Self-referred: the UK Salvation Army headquarters, in London

Self-referred: the UK Salvation Army headquarters, in London

THE Salvation Army is being investigated by the Charity Commission, after the failure of a new accounting system led to a backlog in its payment of bills.

The charity reported itself to the Commission, citing problems with the introduction of its new accounting software, which had been introduced to help cope with increased demand for services.

Describing it as a “serious incident”, a spokesperson for the Commission said: “We will assess the information to determine whether regulatory advice or other action from the Commission is required.”

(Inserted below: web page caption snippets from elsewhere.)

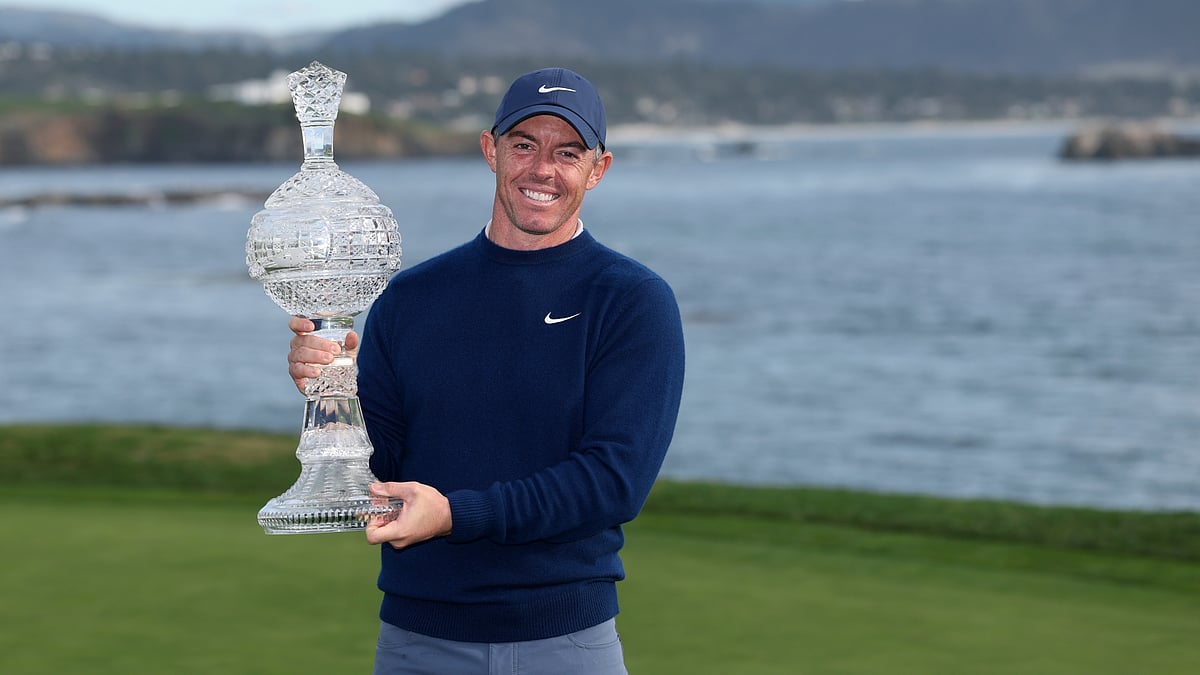 Rory McIlroy poses with the trophy after winning the Pebble Beach Pro-Am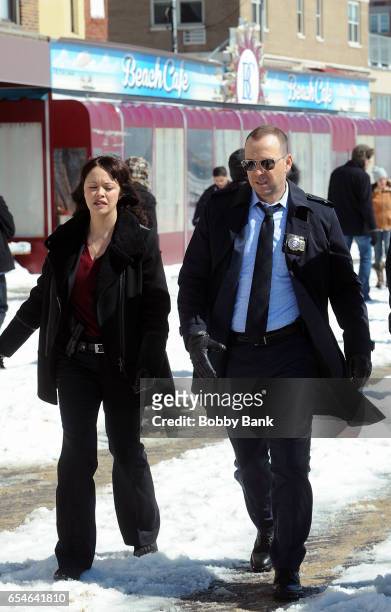 Marisa Ramirez and Donnie Wahlberg are seen filming are seen filming on the set of "Blue Bloods" on March 17, 2017 in Brooklyn.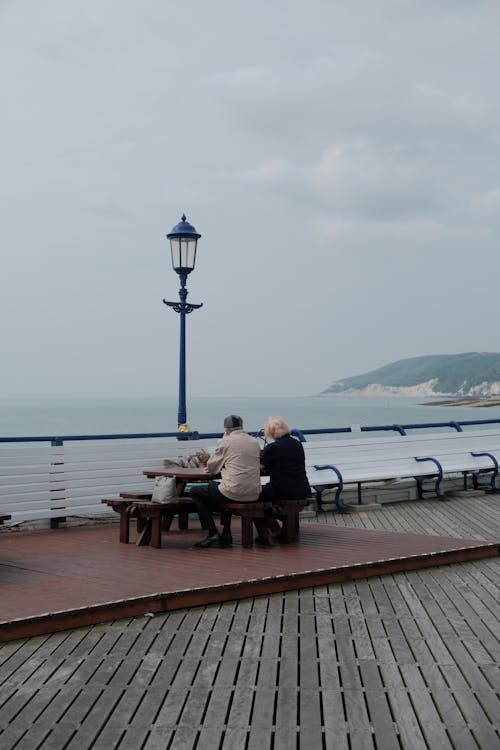 Elderly Men in Jackets Sitting on Pier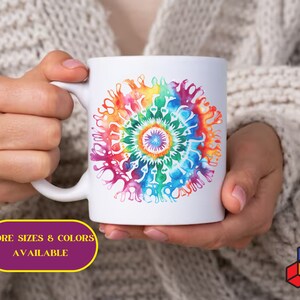 Op de afbeelding: Een witte keramische mok met een kleurrijk mandala-ontwerp. De mandala heeft een regenboog van kleuren, waaronder rood, oranje, geel, groen, blauw, indigo en violet. De mok heeft een handvat en wordt vastgehouden door een hand.
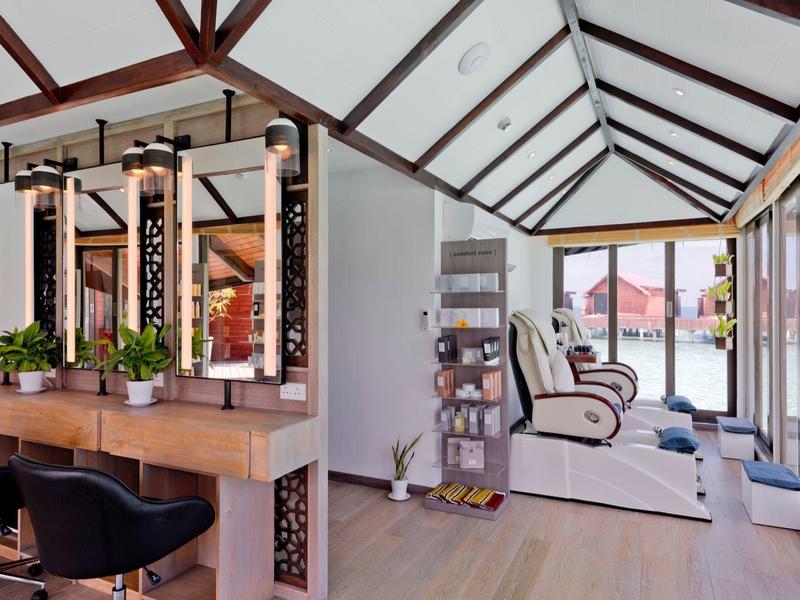 Espace bien-être moderne avec fauteuils de massage et coin salon confortable près de grandes fenêtres.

The Salvation Army has apologised to all those affected by late payment, and to its own staff, who have been put under pressure by the delays.

“We want to take this opportunity to unreservedly apologise for the delay in some of our suppliers’ receiving payment for invoices, and the added pressure this has had on some of our officers and staff,” the charity said.

“In the interests of transparency, the Salvation Army notified the Charity Commission of the technical issues arising from the new system, and reassured the Commission that there is no threat to the finances of the Salvation Army, nor to the coherence of its accounting processes.

“We have made clear that the fundamental issue is one of system failure, and that the relevant supplier is very much engaged with us to resolve the issues.”

Two senior officers — the Territorial Finance Director and the Chief Accountant — resigned from their posts last month, and a new finance director has now been appointed. The joint heads of the Salvation Army in the UK are also to move to positions in Sweden and Latvia, although the charity insisted that their move was “unrelated to the issues relating to our new accounting system”.

Additional temporary staff have now been employed at the headquarters in London to help clear the backlog of overdue bills.

Donations to the charity have not been affected by the system failure, the charity said.